The word of the LORD that came unto Hosea, the son of Beeri, in the days of Uzziah, Jotham, Ahaz, and Hezekiah, kings of Judah, and in the days of Jeroboam the son of Joash, king of Israel.

The word of the Lord that came unto Hosea the son of Beeri, in the days of Uzziah, Jotham, Ahaz, and Hezekiah, kings of Judah, and in the days of Jeroboam the son of Joash, king of Israel. By dating his prophecies by the reign of the kings of Judah, Hosea marks that God recognizes the kingdom of Judah as alone legitimate (see Introduction).

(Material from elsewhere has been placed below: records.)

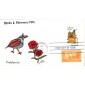 #1957 California Birds - Flowers Combo Slyter FDC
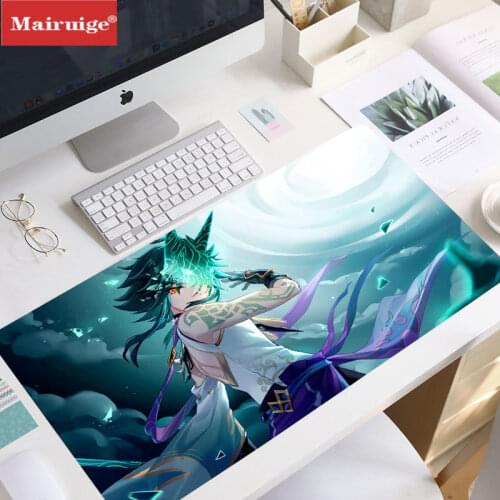Genshin Impact 90x40cm Large Mouse Pad Gaming Accessories PC Laptop Gamer Mousepad Anime Antislip non-skid laptop mouse pad mat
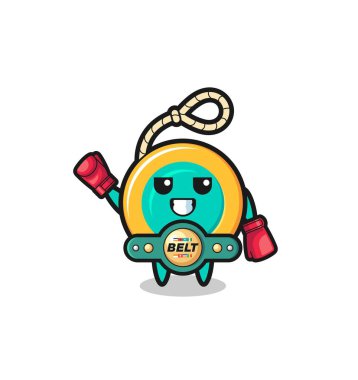 Yo boksör maskotu karakteri, şirin tasarım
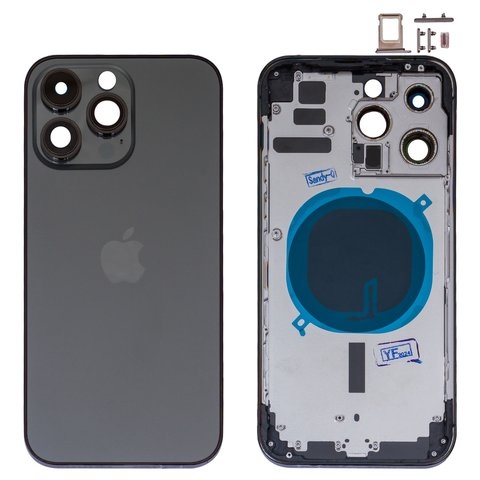 ������ Apple  iPhone 14 Pro Max, ������, � ���������� SIM-�����, � �������� ��������, High Copy, Global, space black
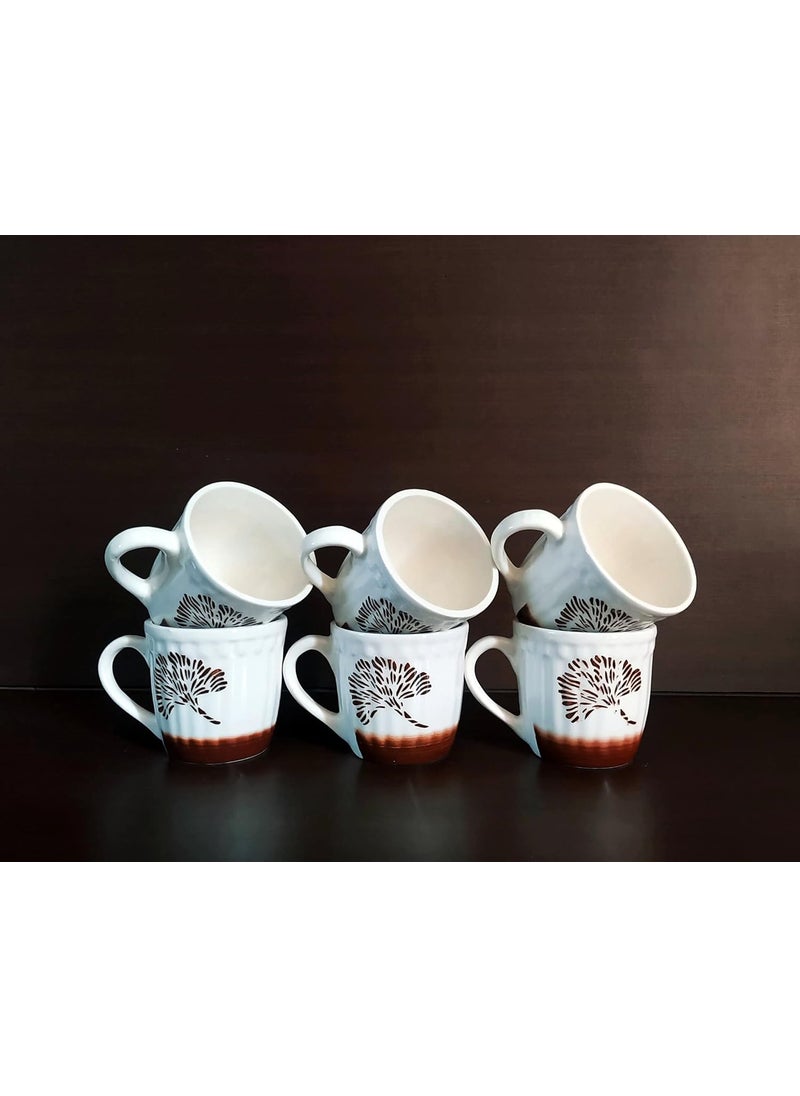 MOODY PANDA TreeBlossom Set of 6 Cups Cup Set of 6 Tea Cups Ceramic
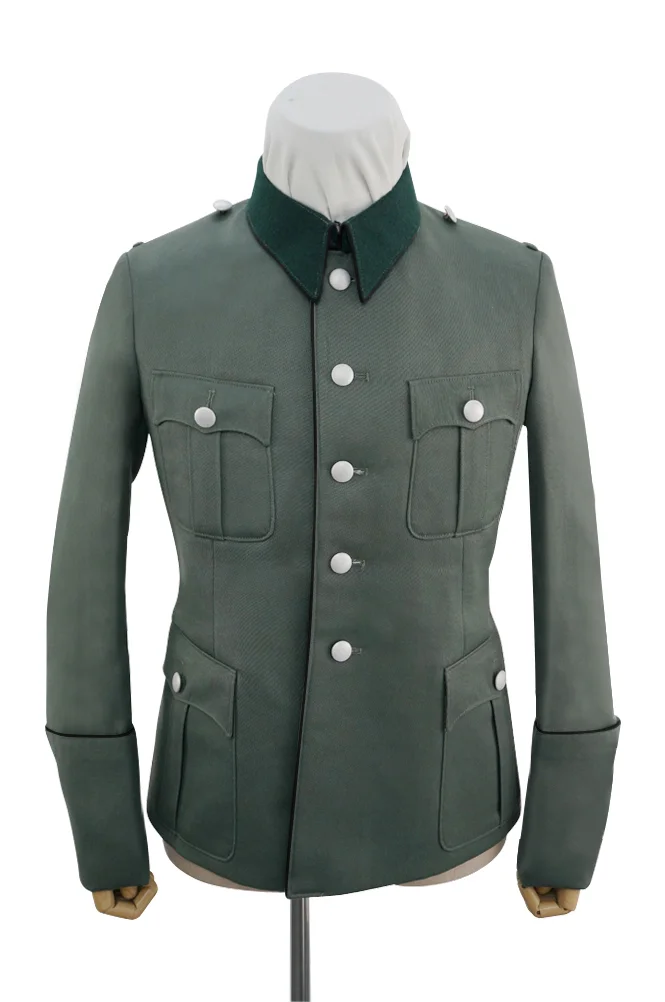   Wehrmacht German M1936 Officer General Gabardine Piped Service Tunic Jacket German-Uniform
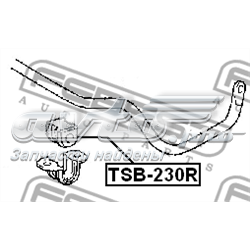 Резинка заднего стабилизатора Febest TSB230R цена, от 3.42 USD
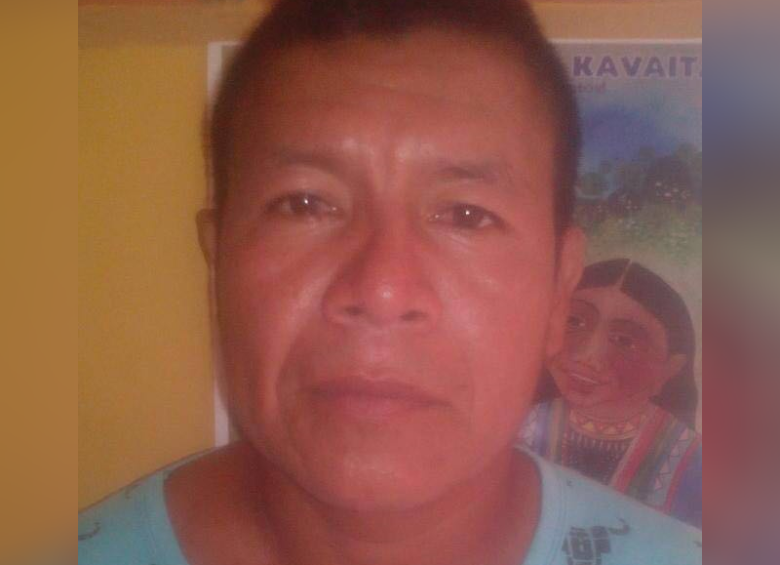 Amado Gómez, gobernador indígena asesinado en Chigorodó. FOTO Cortesía Organización Indígena de Antioquia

Jeroboam - the second; who died in the 15th year of Uzziah's 41 years' reign. From his time forth all Israel's kings worshipped false gods: Zachariah (2 Kings 15:9), Menahem (2 Kings 15:18), Pekahiah (2 Kings 15:24), Pekah (2 Kings 15:28), Hoshea (2 Kings 17:2). Since Israel was most flourishing externally under Jeroboam II, who recovered the possessions seized on by Syria under Hazael, Hosea's prophecy of its downfall at that time was the more striking, the less it could have been foreseen by mere human sagacity. God alone could utter such a voice of thunder out of the midst of such a cloudless sky (Pusey). Jonah the prophet had promised success to Jeroboam II from God, not for the king's merit, but from God's mercy to Israel, when "He saw that the affliction of Israel was very bitter:" so the coast of Israel was restored by Jeroboam II from the entering of Hamath (i:e., from the northern extremity near Mount Hermon, bordering on Syria, where there was the pass of Hamath into the Holy Land) to the sea of the plain, or the Dead Sea (2 Kings 14:23-27). The word of the Lord came to Hosea, not from his own mind, but from God. So Paul begins, "Paul, an apostle (not of man, neither by man, but by Jesus Christ and God the Father)." (Galatians 1:1). The word was existing in God's mind as God's, first; then it came to the prophet, and became his. So "the word of God came unto John" (Luke 3:2).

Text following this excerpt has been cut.